Così, a dispetto dell’evidenza, proprio i vaccini sono sotto accusa. E precisamente dal 1998, quando la prestigiosa rivista Lancet pubblicò, con una buona dose di leggerezza, uno studio che metteva in relazione la vaccinazione trivalente Mmr (contro morbillo, parotite e rosolia) con la possibile insorgenza dell’autismo. Era una bufala. Ma, nonostante le smentite del General Medical Council britannico e la sconfessione della stessa Lancet, le vaccinazioni sono crollate. E ovviamente i casi di morbillo nel Regno Unito sono cresciuti a dismisura. Il rischio vaccino è diventato un Leitmotif del passaparola fra genitori in rete. E le proiezioni dell’immaginario hanno preso il sopravvento sui dati reali. Come se il responso di Google e Yahoo fosse più attendibile delle competenze mediche. E da un recentissimo studio della Fondazione Veronesi risulta che il 20 per cento dei genitori italiani non si fida dei vaccini pediatrici non obbligatori. Un po’ perché teme effetti collaterali, un po’ perché sospetta che sia tutto un business farmaceutico. E infine perché crede che non siano efficaci. Confidando invece nella vox populi. Con un corto circuito tra sospetto generalizzato e credulità incondizionata. Aveva ragione Diderot, uno dei padri dell’Illuminismo, quando diceva che credere troppo è altrettanto rischioso che credere troppo poco.

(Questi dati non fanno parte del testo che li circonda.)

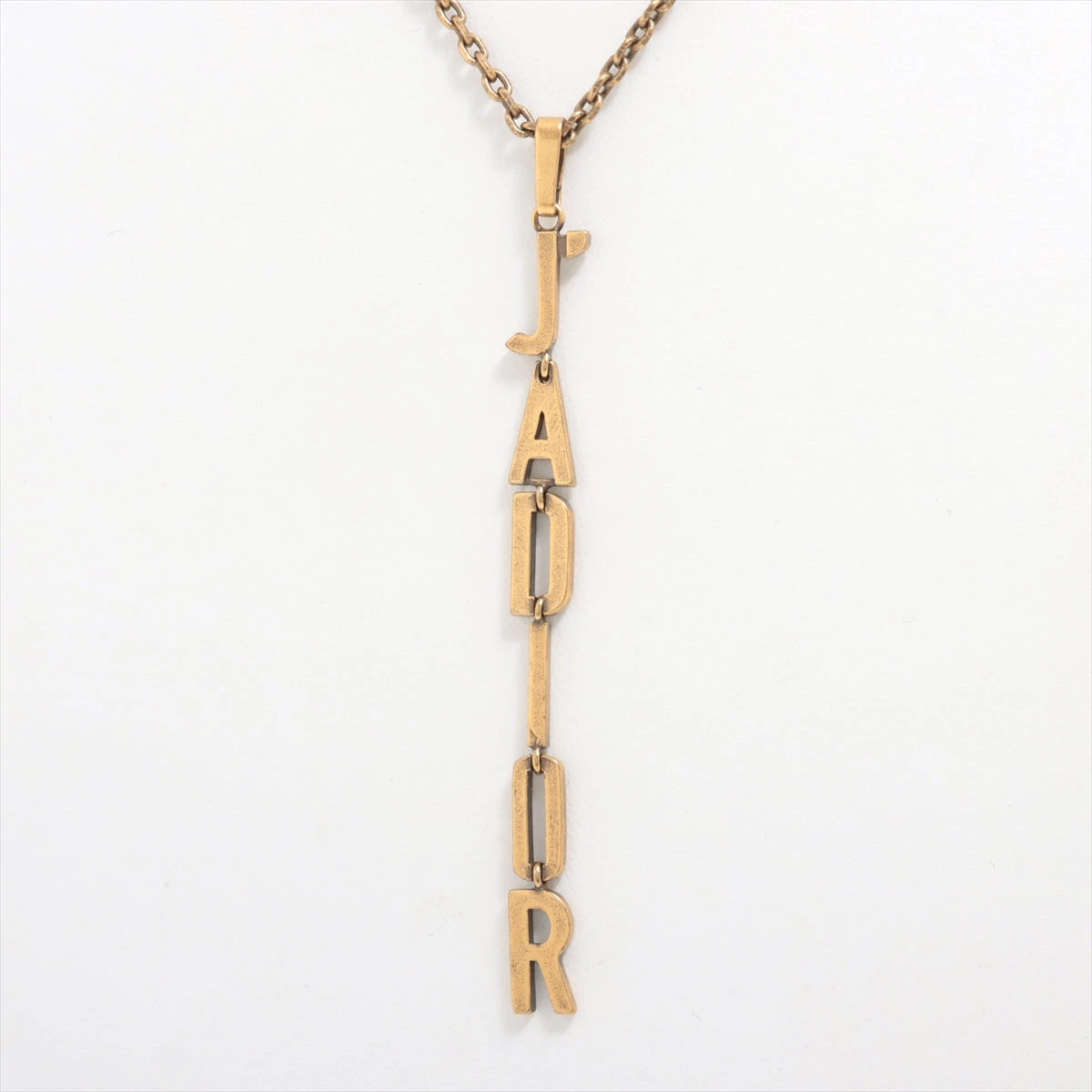 ◇ディオール◇GP/ジャディオール/ネックレス/ゴールド/ブランド ディオール ジャディオール ネックレス GP ゴールド A2539635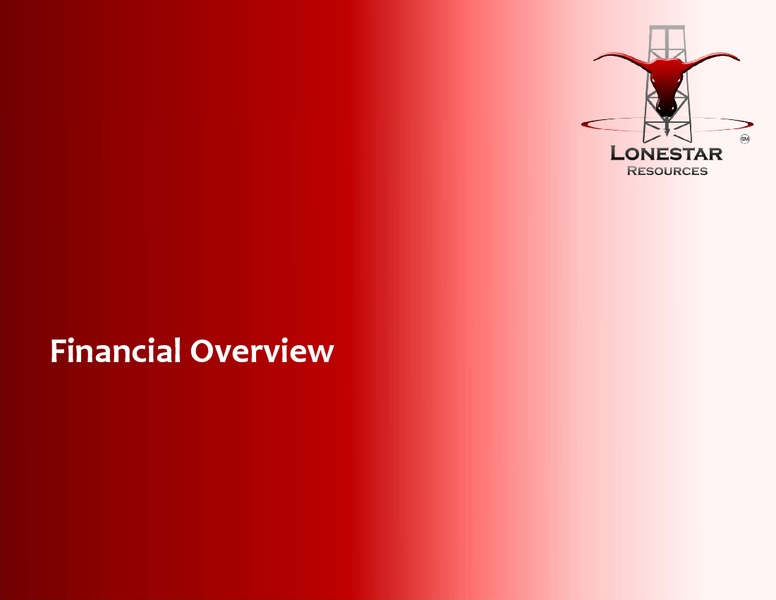 April 2017 Investor Presentation – Lonestar Resources Ltd. – slide 19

Queste mitologie complottiste, queste pseudocertezze hanno grande fortuna anche perché gratificano gli istinti più bassi della cosiddetta controcultura. O della controinformazione. Che in sé sono istanze profondamente democratiche. E dunque ci seducono senza farci sentire irrazionali, o oscurantisti, al massimo siamo autodidatti. Bronner chiama tutto questo nichilismo mentale. E individua due responsabili. Da una parte internet, dall’altra il nuovo mercato della conoscenza dominato dallo sviluppo incontrollato delle tecnologie dell’informazione. Che moltiplicano a dismisura le fonti d’informazione senza la possibilità di verificarne l’attendibilità. Anche perché il ranking dei motori di ricerca fa galleggiare i contenuti più popolari, non quelli più veri. Così un blob di false evidenze e di pseudo conoscenze cannibalizza il web rendendo sempre più difficile distinguere tra verità e impostura. Soprattutto per chi non abbia strumenti intellettuali sufficienti.
Il rimedio ovviamente non è chiudere internet. Ma alfabetizzare i motori di ricerca. In modo da far affiorare i saperi seri e affondare l’analfabetismo. Prima che questa democrazia apparente si rovesci nel suo contrario. Uno stato di natura digitale.